Taiwan politicians know how to put on a good show. But the brawling and histrionics in parliament that have put Taiwan politics on the world map for the past 20 years are staged acts, legislators and political observers say.

They are planned in advance to generate media attention and garner favour with voters who like to see their representatives fight as hard as they can on tough issues.

Lawmakers even call up allies to ask that they wear sports shoes ahead of the choreographed clashes. They have been known to meet up afterwards for drinks.

"It's really a media event, staged for media coverage," said Nationalist Party (KMT) legislator Joanna Lei. "They have a strategy session, like a war plan."

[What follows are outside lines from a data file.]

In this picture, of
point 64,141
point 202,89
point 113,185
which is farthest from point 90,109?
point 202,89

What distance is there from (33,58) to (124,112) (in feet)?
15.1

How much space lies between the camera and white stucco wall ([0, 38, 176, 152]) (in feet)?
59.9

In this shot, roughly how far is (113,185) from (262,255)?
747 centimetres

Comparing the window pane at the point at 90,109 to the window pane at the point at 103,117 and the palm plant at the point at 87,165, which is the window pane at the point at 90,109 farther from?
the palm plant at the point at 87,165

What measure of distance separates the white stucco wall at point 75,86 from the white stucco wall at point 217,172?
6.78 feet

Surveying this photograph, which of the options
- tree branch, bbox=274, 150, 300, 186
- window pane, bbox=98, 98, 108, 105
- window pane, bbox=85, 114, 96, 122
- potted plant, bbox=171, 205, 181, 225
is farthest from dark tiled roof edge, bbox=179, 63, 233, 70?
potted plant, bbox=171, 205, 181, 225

The latest brawl erupted on May 8 when at least 40 MPs blocked the speaker from his podium to head off a vote on reconfiguring the Central Election Commission.

In the 1980s and 1990s, when minority parties had no procedural way to change governing bodies controlled then by the KMT, regular fights exposed inefficiency, crookedness and authoritarianism, said Shelley Rigger, an East Asian politics expert at Davidson College in the United States.

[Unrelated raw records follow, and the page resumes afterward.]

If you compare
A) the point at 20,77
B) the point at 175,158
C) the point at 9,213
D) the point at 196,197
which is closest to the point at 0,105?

Today, despite full democracy, the fight strategy remains.

"It's true that politicians use (brawls) to excite their core supporters at home, but it's unclear how effective that is," Rigger said. "We do know, though, that it hurts the legitimacy of the democratic system as a whole. Mostly it's a delaying tactic."

In January, a brawl involving about 50 MPs who wanted to stop parliament speaker Wang Jin-pyng from accessing his podium lasted for four hours.

Shoes were thrown at the speaker, a microphone was ripped out and thrown across the chambers. MPs shoved and pulled one another's ties. Wang never made it to the podium.

Some of the brawling MPs turned to reporters and cameramen, yelling slogans to them and brandishing signs.

In 2005 one legislator needed stitches after he was struck by a mobile phone. Last year an MP used tear gas. Shouting exchanges occur almost every week on the parliament floor.

Some legislators says it is just a ploy to win votes.

"They just want to steal the spotlight going into the primaries," said People First Party MP Lee Hung-chun. "Parliament should be a sacred and noble place."